According to the Wiktionary, logic is “A method of human thought that involves thinking in a linear, step-by-step manner about how a problem can be solved.” This is the context in which I would like to present what I refer to as Venmark Marketing Logic. Put simply, you want your products and/or services in front of a prospective customer when the need for such a product or service exists. The need might be precipitated by new product development, vendor price increases or failures, or some other event. Most importantly, you want your company to be perceived as a problem-solver when the opportunity arises: a simple and logical approach.
Contrary to what many industrial and technical entrepreneurs think, marketing is more than Google Searching and getting high rankings in search engines. According to the American Marketing Association, “Marketing is an organizational function and a set of processes for creating, communicating and delivering value to customers and for managing customer relationships in ways that benefit the organization and its stakeholders.” For our purposes, we won’t discuss CRM (customer relationship management).
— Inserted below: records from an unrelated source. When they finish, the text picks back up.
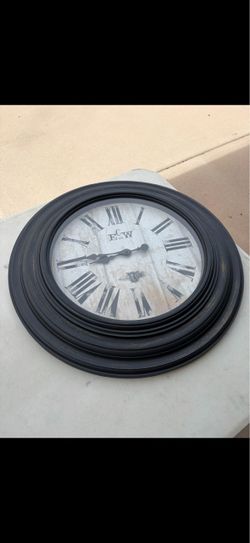 Large Round Vintage-Style Wall Clock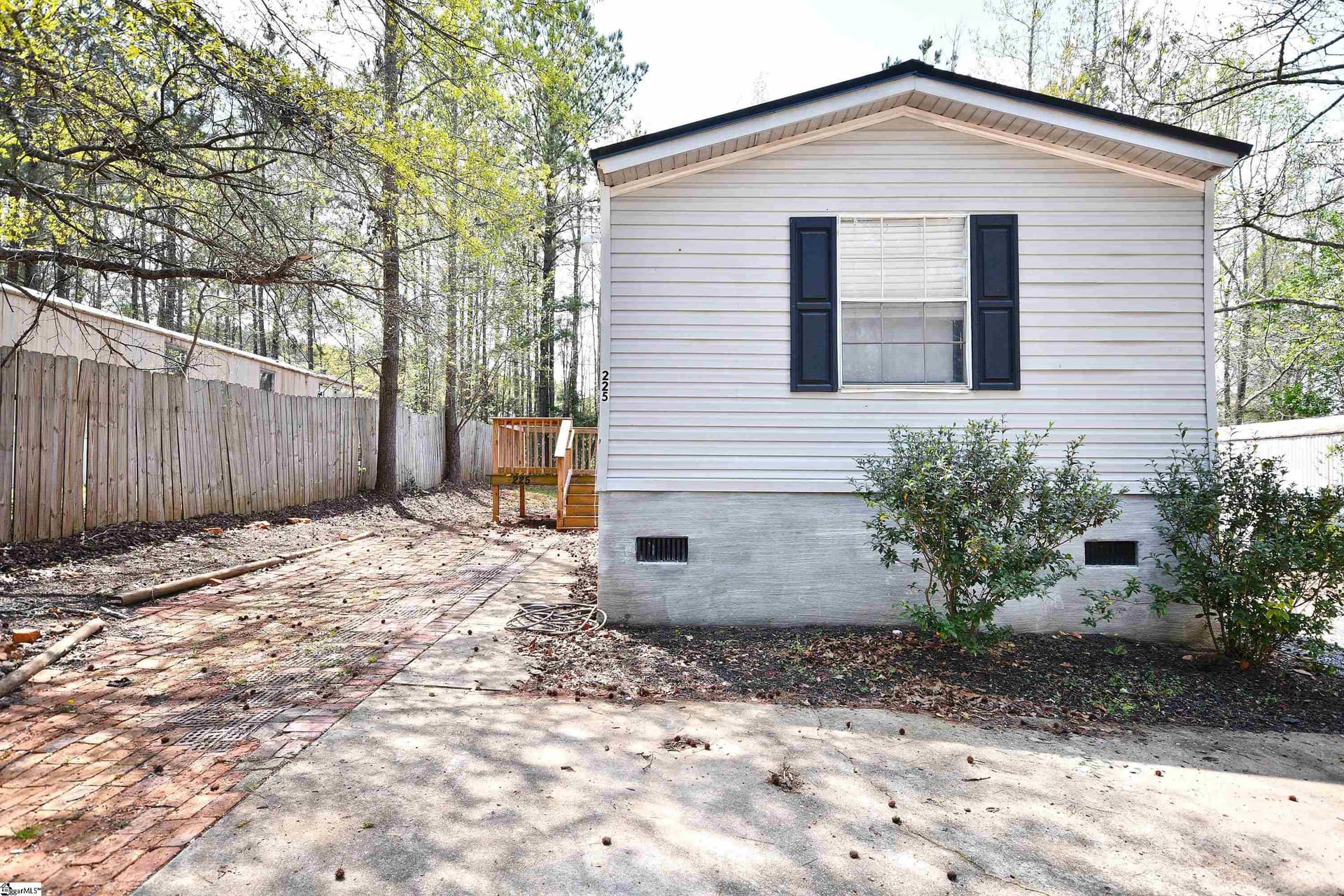 225 Cedar Ridge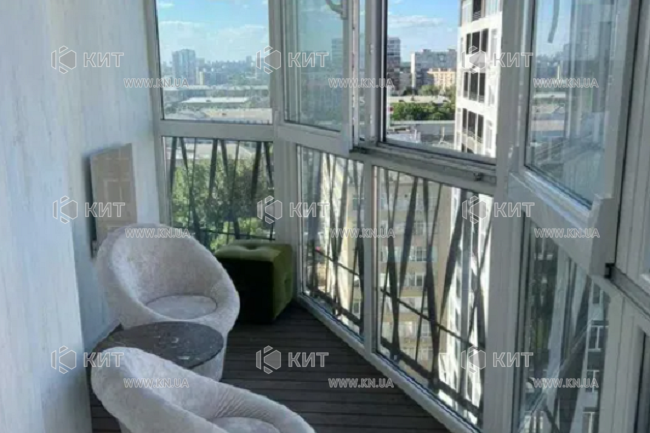 Продаж квартири Харків, Наукова, 135м²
Let’s focus on the idea of creating, communicating, and delivering value to customers.
Many engineers, especially, assume that if somebody needs a widget, they’ll “Google” it and, therefore, all you have to do is have a strong internet presence with SEO (search engine optimization). Partially true. But, it presumes “awareness by the customer that a problem exists.” That is a costly assumption because it excludes all those potential sales situations in which customers weren’t aware that they had a problem. Effective marketing stimulates and preconditions prospective customers to recognize that your company offers solutions to their problems. Even problems they never knew they had! In the early 1980’s, for example, people didn’t know they had a “typing problem” until word processors arrived on the scene and made it clear that typing speed, faster corrections, type selection options, and storage were all easier using a word processor.
Peter Nielsen of Sail Magazine wrote about a product he chose to publicize for one of our clients, “This is one of those handy little gizmos you never knew you needed before you saw it.” That says it all! What caught Mr. Nielsen’s attention in Sail Magazine is that we illustrated how a mounting shaft collar, typically used in an industrial setting, can also solve a problem on a yacht. He recognized the value and chose to present it to his readers.
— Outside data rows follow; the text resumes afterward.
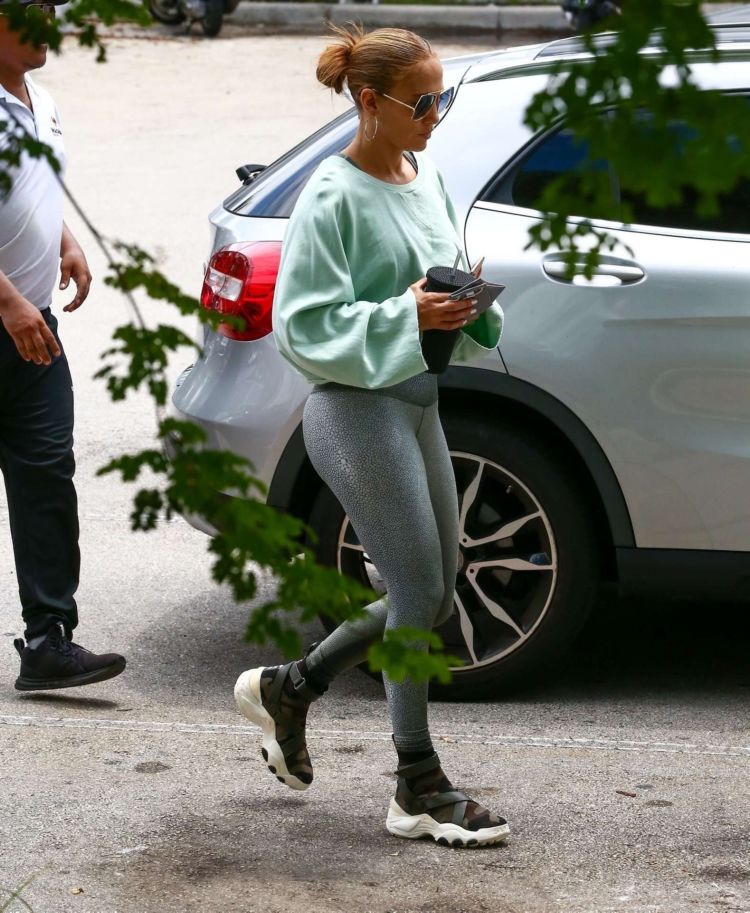 Jennifer Lopez Candids In Leggings At The Gym In Miami
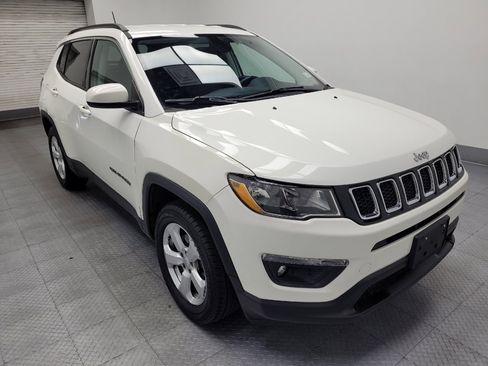 Used 2018 Jeep Compass Latitude w/ Popular Equipment Group FWD image 13
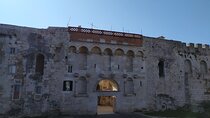 Experience Split With Local Professional Historian - Private 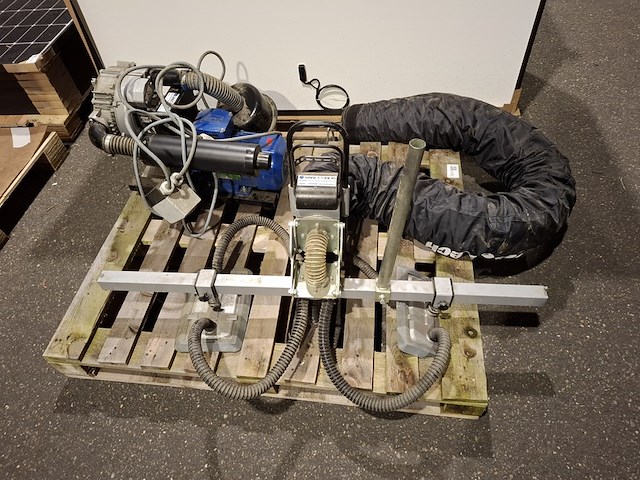 Vacuumheffer met motor movomech-ab, vacuhand pro 140e, bouwjaar 2022 - afbeelding 1 van  6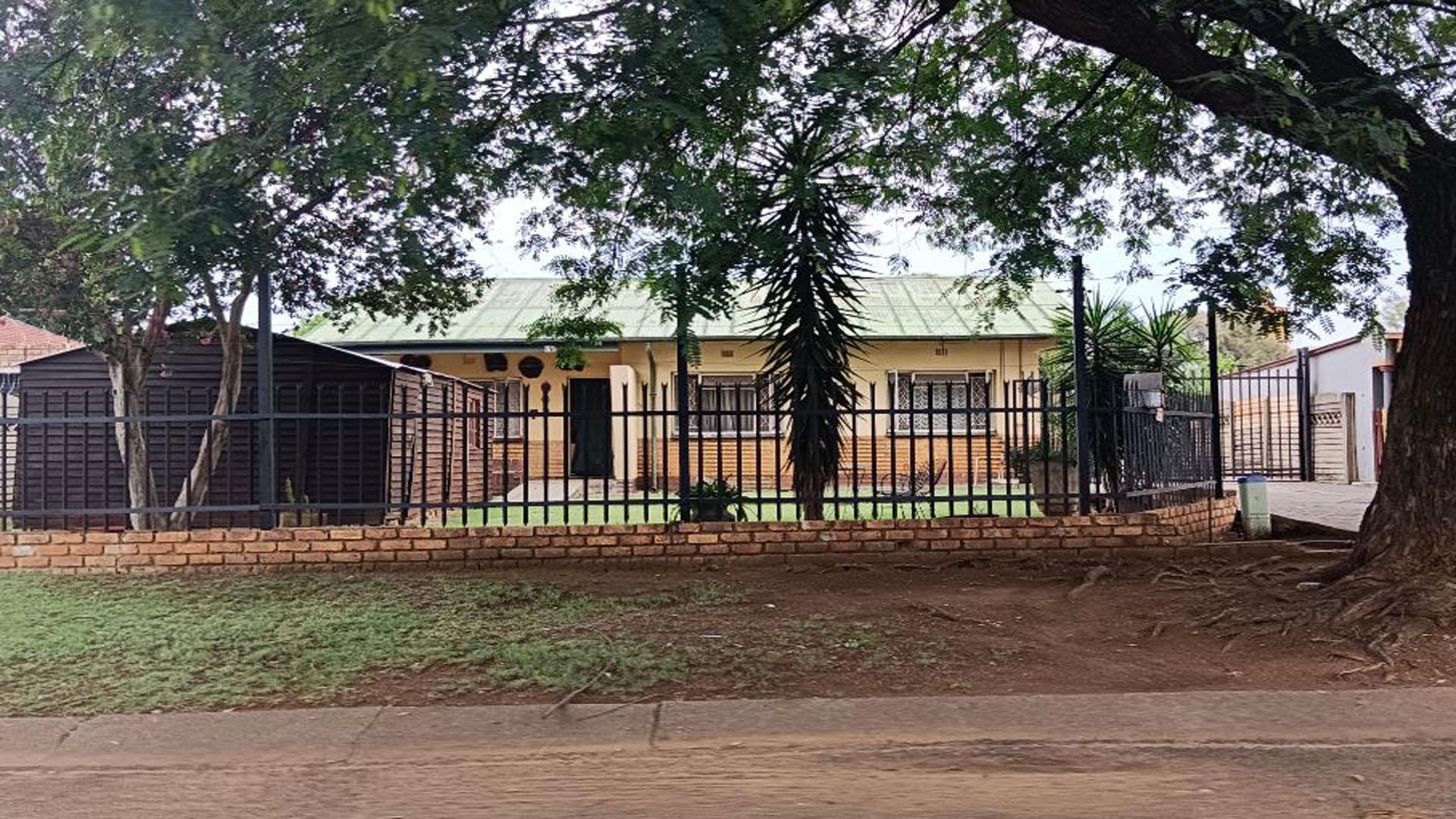Front View of property in Claremont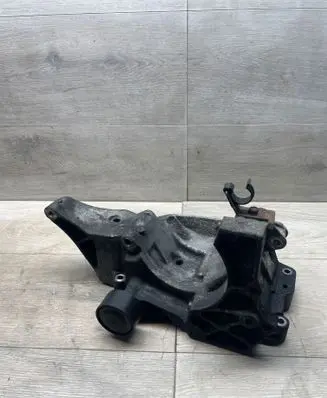 BMW X5 E70 Generator/alternator bracket 7802639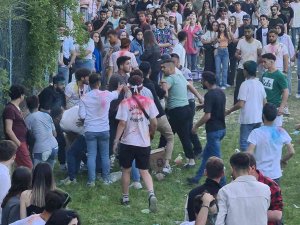 Gençlik Festivalinde Yumruk Ve Tekmeler Havada Uçuştu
Let’s revisit the concept of “Venmark Marketing Logic.” It combines science and art to [1.] Put your products in front of prospective customers when they perceive a need for your products or services. [2.] Illustrate how your products can solve specific problems in order to attract prospective customers who have an identified need. [3.] Precondition prospective clients to think about your company’s problem-solving expertise through the repetitive and collective illustration of same. [4.] Increase organic search engine positioning, because Google’s page rank technology is based on the idea that the best way to find relevant information is to prioritize search results not by the characteristics of a document, but by the number of websites that are linking to it. (Source: Wikinomics, Don Tapscott and Anthony D. Williams, Penguin Group, ©2008).
Only one marketing tool can achieve all four elements above: product publicity. The challenge with product publicity today is to be recognized through all the noise and clutter on the web and in our mailboxes; both electronic and postal. The reason why product publicity is so valuable is because editors select the information which they believe will interest their readers and present it to them as news like Mr. Nielson did in the above example. As such, there is an implied “third party endorsement.” Publicity is “news and information” selected by editors, web hosts and blogger and it is published to inform their readers. Consequently it has more value than a sponsored message. News always has! Executed properly, an effective product publicity campaign generates high quality sales leads, puts you in front of prospective customers consistently, and does this cost-effectively.